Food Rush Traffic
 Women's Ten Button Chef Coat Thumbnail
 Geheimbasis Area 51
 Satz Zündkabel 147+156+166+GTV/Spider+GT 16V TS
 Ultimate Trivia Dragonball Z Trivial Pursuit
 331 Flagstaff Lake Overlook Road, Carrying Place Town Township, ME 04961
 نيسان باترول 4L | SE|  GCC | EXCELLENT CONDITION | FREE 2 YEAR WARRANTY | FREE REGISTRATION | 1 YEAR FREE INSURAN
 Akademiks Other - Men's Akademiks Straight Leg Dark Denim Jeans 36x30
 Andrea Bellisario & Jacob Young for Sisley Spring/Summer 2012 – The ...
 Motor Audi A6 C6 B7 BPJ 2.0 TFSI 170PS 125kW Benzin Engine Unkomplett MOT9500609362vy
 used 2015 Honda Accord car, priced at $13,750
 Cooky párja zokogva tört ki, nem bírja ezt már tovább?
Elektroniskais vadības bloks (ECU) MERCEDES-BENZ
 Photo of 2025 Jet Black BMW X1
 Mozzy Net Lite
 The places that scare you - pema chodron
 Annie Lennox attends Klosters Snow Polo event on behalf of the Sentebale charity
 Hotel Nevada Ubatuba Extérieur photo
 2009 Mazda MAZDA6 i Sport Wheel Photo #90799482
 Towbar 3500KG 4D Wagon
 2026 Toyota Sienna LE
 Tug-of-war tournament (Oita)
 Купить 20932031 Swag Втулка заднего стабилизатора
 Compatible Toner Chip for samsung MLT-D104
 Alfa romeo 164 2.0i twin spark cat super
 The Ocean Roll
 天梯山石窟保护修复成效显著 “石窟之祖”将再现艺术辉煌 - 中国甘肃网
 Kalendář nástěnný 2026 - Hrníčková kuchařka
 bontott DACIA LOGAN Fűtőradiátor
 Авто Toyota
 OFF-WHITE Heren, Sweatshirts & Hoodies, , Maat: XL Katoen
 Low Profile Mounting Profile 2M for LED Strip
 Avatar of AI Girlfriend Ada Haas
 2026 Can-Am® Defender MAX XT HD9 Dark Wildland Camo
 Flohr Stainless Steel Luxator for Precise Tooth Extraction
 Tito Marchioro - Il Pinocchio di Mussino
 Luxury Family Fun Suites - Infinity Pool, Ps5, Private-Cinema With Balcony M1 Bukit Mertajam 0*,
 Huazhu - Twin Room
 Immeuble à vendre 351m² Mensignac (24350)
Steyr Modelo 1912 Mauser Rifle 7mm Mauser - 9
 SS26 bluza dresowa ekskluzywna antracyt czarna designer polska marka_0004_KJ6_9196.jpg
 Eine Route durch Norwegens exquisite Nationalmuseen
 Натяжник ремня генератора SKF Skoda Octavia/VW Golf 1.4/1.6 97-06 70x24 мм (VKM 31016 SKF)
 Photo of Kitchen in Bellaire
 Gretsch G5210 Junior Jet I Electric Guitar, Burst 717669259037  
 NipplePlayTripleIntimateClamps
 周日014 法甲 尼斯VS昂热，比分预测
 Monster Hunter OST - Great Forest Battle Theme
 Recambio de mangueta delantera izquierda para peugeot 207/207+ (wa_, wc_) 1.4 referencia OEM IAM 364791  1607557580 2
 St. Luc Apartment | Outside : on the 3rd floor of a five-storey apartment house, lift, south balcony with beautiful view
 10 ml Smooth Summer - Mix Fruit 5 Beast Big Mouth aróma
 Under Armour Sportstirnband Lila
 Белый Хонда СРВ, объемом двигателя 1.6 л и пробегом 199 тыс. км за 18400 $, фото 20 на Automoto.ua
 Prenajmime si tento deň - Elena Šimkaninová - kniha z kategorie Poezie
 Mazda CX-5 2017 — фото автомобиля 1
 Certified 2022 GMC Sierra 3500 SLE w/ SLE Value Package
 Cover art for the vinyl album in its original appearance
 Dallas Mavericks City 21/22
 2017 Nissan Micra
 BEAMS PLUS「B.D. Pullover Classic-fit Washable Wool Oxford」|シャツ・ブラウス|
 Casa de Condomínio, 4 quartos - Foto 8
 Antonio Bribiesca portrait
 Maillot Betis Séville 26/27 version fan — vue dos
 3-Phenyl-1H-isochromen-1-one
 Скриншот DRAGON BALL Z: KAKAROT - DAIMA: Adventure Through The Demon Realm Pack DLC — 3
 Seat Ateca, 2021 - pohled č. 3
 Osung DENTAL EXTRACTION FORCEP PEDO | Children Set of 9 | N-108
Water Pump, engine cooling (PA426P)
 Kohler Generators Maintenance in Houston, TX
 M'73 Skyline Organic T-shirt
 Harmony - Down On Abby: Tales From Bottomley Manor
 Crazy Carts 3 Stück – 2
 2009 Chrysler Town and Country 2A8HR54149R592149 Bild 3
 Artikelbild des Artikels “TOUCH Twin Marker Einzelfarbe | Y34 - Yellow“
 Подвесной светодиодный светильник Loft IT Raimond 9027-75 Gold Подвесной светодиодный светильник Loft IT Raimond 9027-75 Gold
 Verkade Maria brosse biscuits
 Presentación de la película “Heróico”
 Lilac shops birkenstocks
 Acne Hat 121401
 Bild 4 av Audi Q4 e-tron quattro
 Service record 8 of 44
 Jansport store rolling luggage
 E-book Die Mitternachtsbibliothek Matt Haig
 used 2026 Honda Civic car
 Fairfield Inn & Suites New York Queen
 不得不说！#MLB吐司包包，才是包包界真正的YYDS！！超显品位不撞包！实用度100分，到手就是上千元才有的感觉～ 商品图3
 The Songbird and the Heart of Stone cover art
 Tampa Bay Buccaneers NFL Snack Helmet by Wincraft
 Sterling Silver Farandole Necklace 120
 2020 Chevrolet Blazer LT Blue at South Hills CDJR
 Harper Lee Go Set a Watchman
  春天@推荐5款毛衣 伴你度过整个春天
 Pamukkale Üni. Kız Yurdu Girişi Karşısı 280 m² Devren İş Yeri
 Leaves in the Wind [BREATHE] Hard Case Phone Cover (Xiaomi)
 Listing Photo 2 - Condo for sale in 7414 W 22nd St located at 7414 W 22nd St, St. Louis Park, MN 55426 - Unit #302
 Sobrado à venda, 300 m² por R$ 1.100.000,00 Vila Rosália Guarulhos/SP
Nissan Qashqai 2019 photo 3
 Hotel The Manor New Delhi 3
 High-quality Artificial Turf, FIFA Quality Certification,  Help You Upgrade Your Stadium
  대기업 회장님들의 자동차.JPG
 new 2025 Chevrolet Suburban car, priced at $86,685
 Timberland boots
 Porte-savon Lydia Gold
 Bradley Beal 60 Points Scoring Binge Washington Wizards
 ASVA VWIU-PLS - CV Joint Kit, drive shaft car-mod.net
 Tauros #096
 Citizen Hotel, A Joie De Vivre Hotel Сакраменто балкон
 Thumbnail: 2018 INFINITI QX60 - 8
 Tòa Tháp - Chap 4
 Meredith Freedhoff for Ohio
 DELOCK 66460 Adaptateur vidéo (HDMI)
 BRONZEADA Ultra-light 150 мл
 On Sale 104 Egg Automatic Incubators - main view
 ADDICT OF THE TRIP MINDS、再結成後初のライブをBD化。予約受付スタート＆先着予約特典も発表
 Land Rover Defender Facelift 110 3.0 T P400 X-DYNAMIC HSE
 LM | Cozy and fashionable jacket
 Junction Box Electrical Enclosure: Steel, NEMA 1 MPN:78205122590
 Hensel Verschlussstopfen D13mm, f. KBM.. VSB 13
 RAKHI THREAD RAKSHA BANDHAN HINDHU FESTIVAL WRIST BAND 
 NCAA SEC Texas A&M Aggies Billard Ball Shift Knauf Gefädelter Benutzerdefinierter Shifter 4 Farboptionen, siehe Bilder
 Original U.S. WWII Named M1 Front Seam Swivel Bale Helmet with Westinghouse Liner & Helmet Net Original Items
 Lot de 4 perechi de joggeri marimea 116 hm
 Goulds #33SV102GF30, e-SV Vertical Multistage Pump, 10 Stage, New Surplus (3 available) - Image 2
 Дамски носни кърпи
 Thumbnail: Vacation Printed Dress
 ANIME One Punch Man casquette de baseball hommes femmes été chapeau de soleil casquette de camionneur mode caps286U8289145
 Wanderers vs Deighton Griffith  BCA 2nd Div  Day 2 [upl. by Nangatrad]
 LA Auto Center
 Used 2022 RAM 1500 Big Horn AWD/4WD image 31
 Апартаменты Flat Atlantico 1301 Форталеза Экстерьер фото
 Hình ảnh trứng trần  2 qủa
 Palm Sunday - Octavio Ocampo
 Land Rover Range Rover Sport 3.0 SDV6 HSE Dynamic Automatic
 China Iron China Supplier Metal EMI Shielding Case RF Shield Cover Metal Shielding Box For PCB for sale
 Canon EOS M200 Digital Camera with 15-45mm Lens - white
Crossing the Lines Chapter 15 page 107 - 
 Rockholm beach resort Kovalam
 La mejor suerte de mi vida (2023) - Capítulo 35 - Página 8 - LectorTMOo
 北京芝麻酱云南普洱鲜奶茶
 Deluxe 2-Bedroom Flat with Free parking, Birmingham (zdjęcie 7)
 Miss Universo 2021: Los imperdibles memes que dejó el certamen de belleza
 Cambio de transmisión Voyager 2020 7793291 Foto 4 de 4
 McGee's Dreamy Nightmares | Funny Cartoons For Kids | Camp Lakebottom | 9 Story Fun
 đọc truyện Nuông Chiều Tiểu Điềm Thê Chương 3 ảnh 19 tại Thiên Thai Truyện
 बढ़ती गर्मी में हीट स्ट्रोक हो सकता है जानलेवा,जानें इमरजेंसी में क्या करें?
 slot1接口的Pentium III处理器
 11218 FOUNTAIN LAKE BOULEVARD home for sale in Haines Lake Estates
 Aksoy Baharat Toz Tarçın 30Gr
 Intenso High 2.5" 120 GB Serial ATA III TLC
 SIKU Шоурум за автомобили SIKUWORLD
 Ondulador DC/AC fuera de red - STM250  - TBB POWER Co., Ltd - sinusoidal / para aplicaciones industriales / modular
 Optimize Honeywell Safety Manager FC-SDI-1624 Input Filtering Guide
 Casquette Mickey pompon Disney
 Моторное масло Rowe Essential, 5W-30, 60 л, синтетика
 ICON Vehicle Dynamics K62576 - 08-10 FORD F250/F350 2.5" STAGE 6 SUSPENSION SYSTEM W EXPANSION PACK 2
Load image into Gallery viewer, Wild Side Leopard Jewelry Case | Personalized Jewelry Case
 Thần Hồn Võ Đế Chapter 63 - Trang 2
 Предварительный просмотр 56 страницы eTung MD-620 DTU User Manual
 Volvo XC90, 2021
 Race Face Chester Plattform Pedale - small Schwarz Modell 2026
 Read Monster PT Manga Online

* _Aim of the exercise_:
Please transcribe exactly the lines above from the line that has "Certified 2022 GMC" up to and including the line that has "Leaves in the"; no other line belongs in the answer.

* _Reply to the task_:
 Certified 2022 GMC Sierra 3500 SLE w/ SLE Value Package
 Cover art for the vinyl album in its original appearance
 Dallas Mavericks City 21/22
 2017 Nissan Micra
 BEAMS PLUS「B.D. Pullover Classic-fit Washable Wool Oxford」|シャツ・ブラウス|
 Casa de Condomínio, 4 quartos - Foto 8
 Antonio Bribiesca portrait
 Maillot Betis Séville 26/27 version fan — vue dos
 3-Phenyl-1H-isochromen-1-one
 Скриншот DRAGON BALL Z: KAKAROT - DAIMA: Adventure Through The Demon Realm Pack DLC — 3
 Seat Ateca, 2021 - pohled č. 3
 Osung DENTAL EXTRACTION FORCEP PEDO | Children Set of 9 | N-108
Water Pump, engine cooling (PA426P)
 Kohler Generators Maintenance in Houston, TX
 M'73 Skyline Organic T-shirt
 Harmony - Down On Abby: Tales From Bottomley Manor
 Crazy Carts 3 Stück – 2
 2009 Chrysler Town and Country 2A8HR54149R592149 Bild 3
 Artikelbild des Artikels “TOUCH Twin Marker Einzelfarbe | Y34 - Yellow“
 Подвесной светодиодный светильник Loft IT Raimond 9027-75 Gold Подвесной светодиодный светильник Loft IT Raimond 9027-75 Gold
 Verkade Maria brosse biscuits
 Presentación de la película “Heróico”
 Lilac shops birkenstocks
 Acne Hat 121401
 Bild 4 av Audi Q4 e-tron quattro
 Service record 8 of 44
 Jansport store rolling luggage
 E-book Die Mitternachtsbibliothek Matt Haig
 used 2026 Honda Civic car
 Fairfield Inn & Suites New York Queen
 不得不说！#MLB吐司包包，才是包包界真正的YYDS！！超显品位不撞包！实用度100分，到手就是上千元才有的感觉～ 商品图3
 The Songbird and the Heart of Stone cover art
 Tampa Bay Buccaneers NFL Snack Helmet by Wincraft
 Sterling Silver Farandole Necklace 120
 2020 Chevrolet Blazer LT Blue at South Hills CDJR
 Harper Lee Go Set a Watchman
  春天@推荐5款毛衣 伴你度过整个春天
 Pamukkale Üni. Kız Yurdu Girişi Karşısı 280 m² Devren İş Yeri
 Leaves in the Wind [BREATHE] Hard Case Phone Cover (Xiaomi)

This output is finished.